* What is being asked: Set down, exactly as they stand, the lines from the one containing "-广州中医药大学第一附属医院(总院)" through the last line of the records below, leaving every picture out.
#### Provided data ####
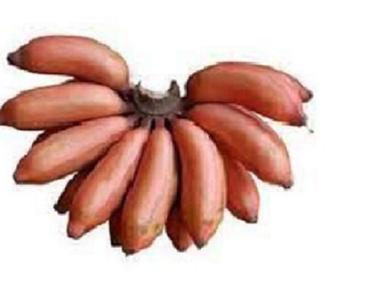 Open Air Good Taste, Healthy And Nutritious Red Banana With Superior Quality, Longer Shelf Life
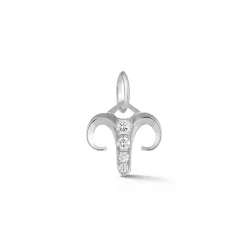 Aries Charm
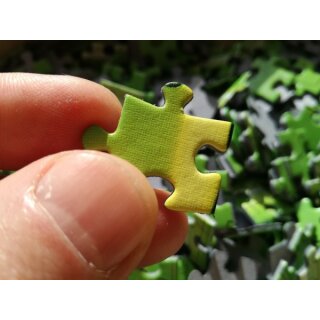Puzzle: Puzzle³ (1000 Teile)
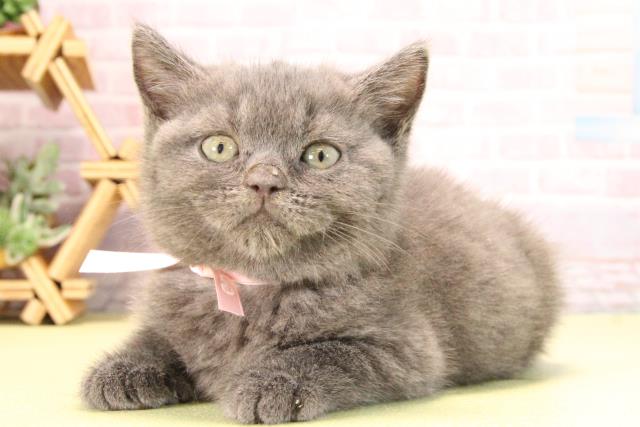 三重県のブリティッシュショートヘアー (Coo&RIKU津高茶屋店/2025年9月27日生まれ/女の子/ブルー)の子猫の3枚目の画像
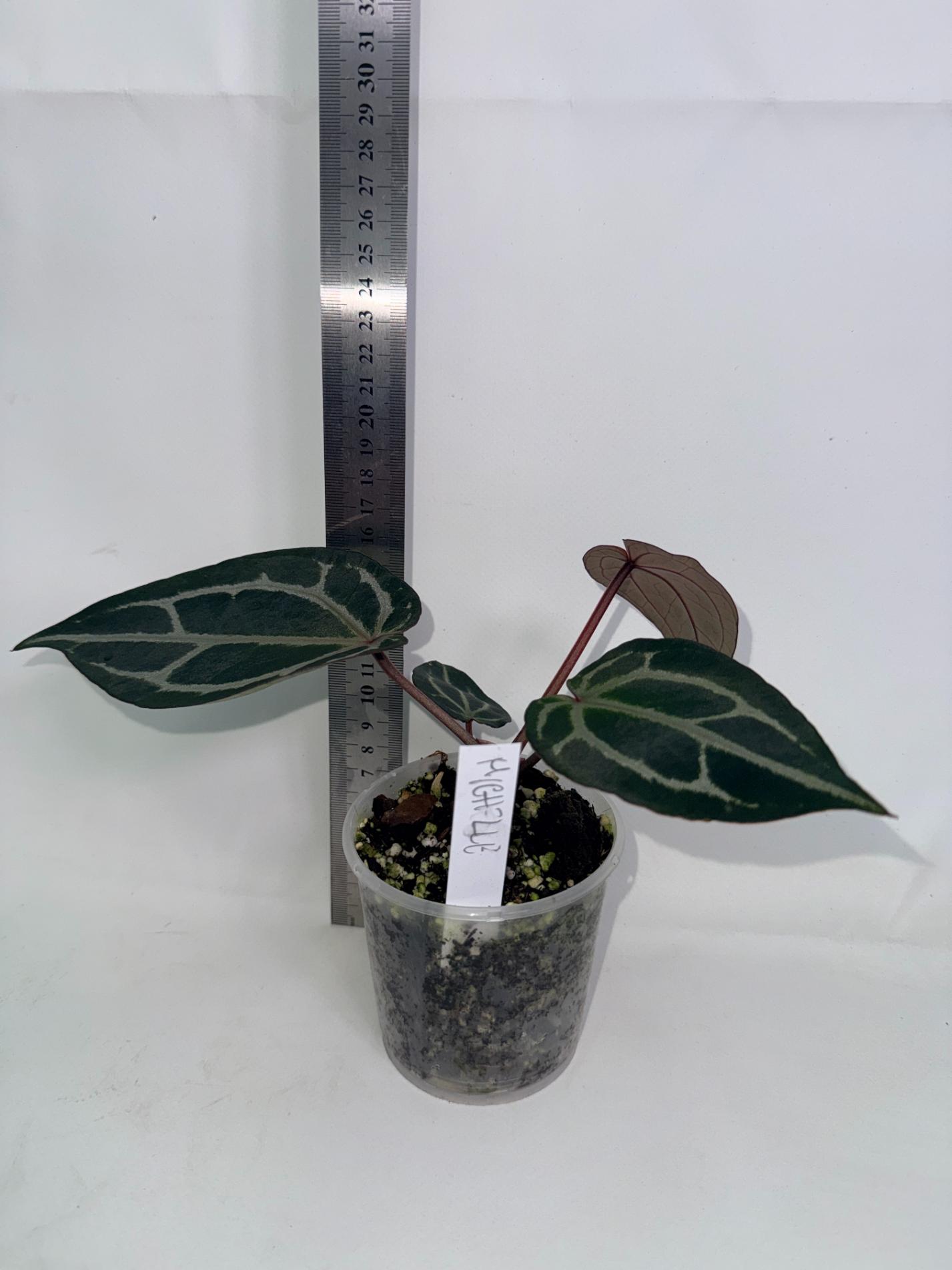 Anthurium Michelle 10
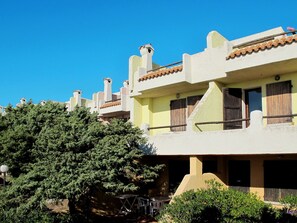 Plante, Ciel, Bâtiment, Propriété, Végétation, Fenêtre, Arbre, Maison, Zone Résidentielle, Arecales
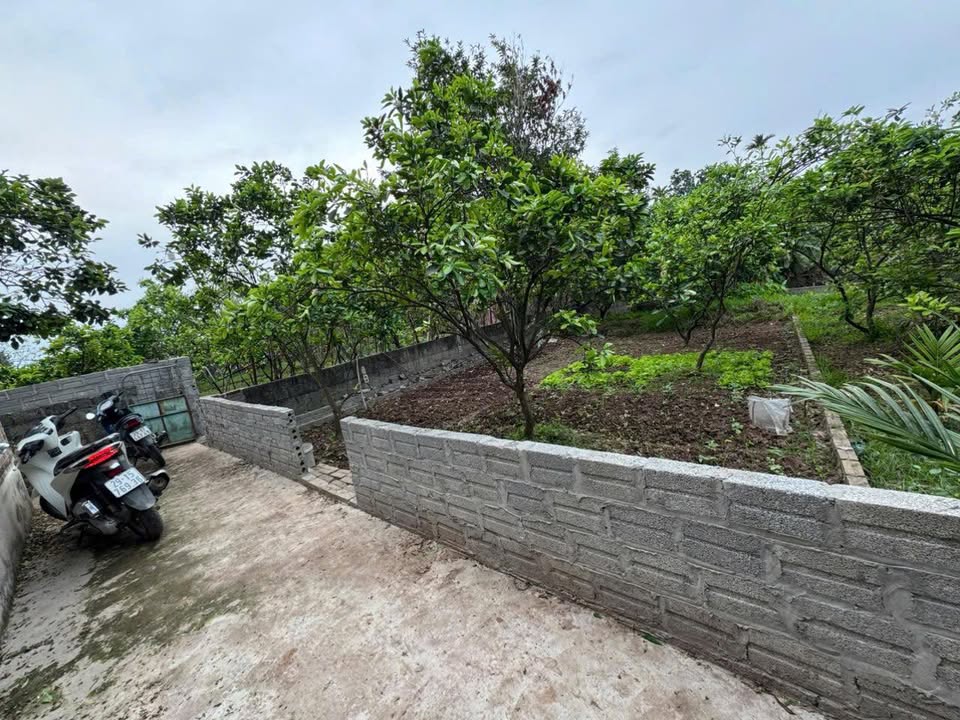 Đất Chương Dương Thường Tín 110m² giá chỉ 2.31 tỷ - Mặt tiền rộng, giao thông thuận lợi!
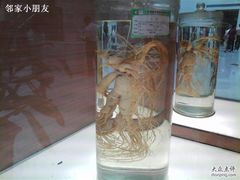 -广州中医药大学第一附属医院(总院)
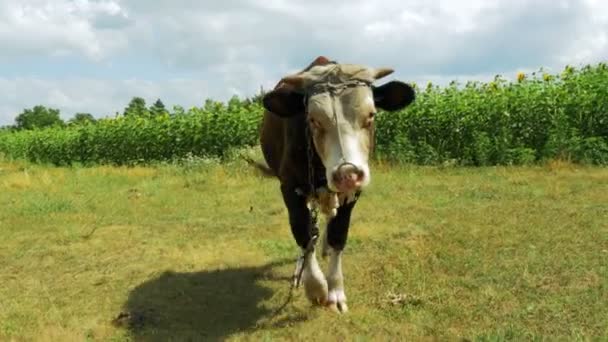 Mooie grijze en witte stier grazen in de weide — Stockvideo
####
* Problem solution:
 -广州中医药大学第一附属医院(总院)
 Mooie grijze en witte stier grazen in de weide — Stockvideo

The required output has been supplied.